Gerade diese Festigkeit fällt auf. Obwohl etwas Außergewöhnliches geschieht, verändert sich der Ausdruck nicht.
Die Andacht nimmt in der Konzentration des Blicks Gestalt an. Alles entsteht darin, wie die Augen an dem festhalten, was vor ihnen erscheint.

Der Tod des heiligen Franziskus: Gesichter vor dem Leichnam
Beim Tod des heiligen Franziskus richtet sich die Mehrzahl der Blicke auf den Körper des Heiligen.
Die Blicke gelten den Wunden, den Händen und dem Gesicht. Einige Brüder ziehen das Gesicht zusammen, andere senken den Blick, wieder andere beugen sich, um die Wundmale aus der Nähe zu betrachten und zu küssen. Die Trauer durchzieht die ganze Szene in unterschiedlichen Formen. In der linken Gruppe fällt ein Bruder besonders auf: Sein Gesicht zeigt einen deutlichen, fast körperlichen Schmerz.
In dieser Gruppe hebt einer der Brüder den Kopf und blickt nach oben. Folgt man seinem Blick, gelangt man in den oberen Bildbereich, wo Engel Franziskus zum Himmel tragen.
Zwischen diesen Wolken erscheint jedoch auch ein verborgenes, nur angedeutetes Profil: ein dämonisches Gesicht zwischen der irdischen und der himmlischen Szene.



Die Klarissen: zurückgehaltener Schmerz
In der Szene der Klarissen bilden die Gesichter um Franziskus’ Körper eine dichte Gruppe vor der Totenbahre.
Klara beugt sich und hebt behutsam den Kopf des Heiligen. Ihr Gesicht zeigt persönliche Verbundenheit. Die Mitschwestern stehen ihr zur Seite: Eine küsst Franziskus’ Hand, andere treten mit traurigem Gesicht aus der Kirche.
Schmerz zeichnet die Gesichter, die Augen sind gesenkt und verschleiert. Kleine Zeichen vermitteln die Trauer: leicht gesenkte Lider und ausgeprägte Linien um den Mund.

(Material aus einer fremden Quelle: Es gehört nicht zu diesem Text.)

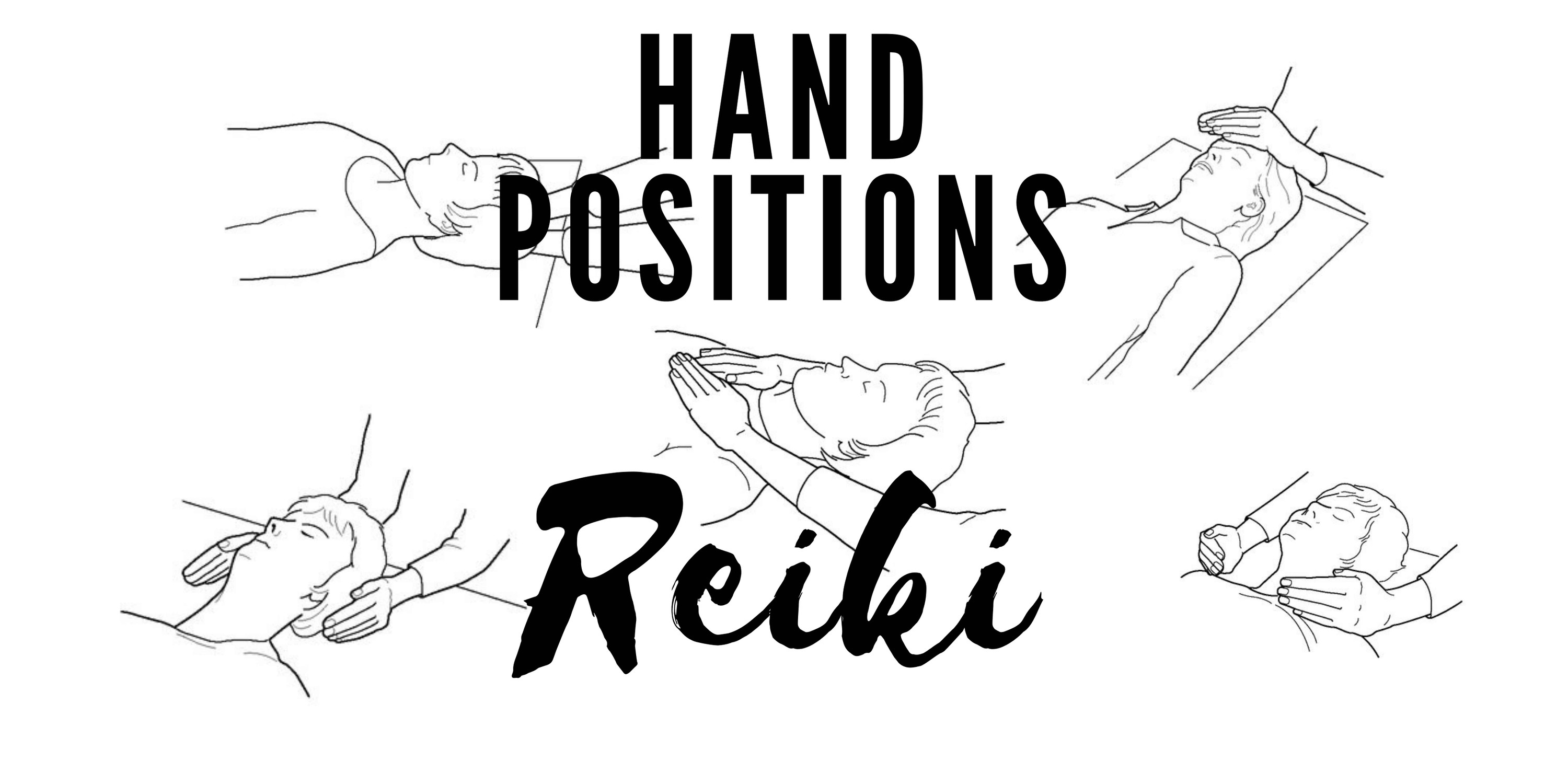 Reiki Hand Positions For The Front Of The Body—Treatment For Others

Auch die Zuschauergruppe links zeigt dieselbe emotionale Geschlossenheit. Alle Figuren bleiben von Andacht und Sammlung geprägt: ein Schmerz ohne Schrei, intensive, aber stille Anteilnahme.
Die Gesichter ziehen nicht einzeln die Aufmerksamkeit auf sich, sondern erzeugen gemeinsam eine Atmosphäre gesammelter Trauer. Gesten und Blicke machen die tiefe Verbindung zu Franziskus sichtbar.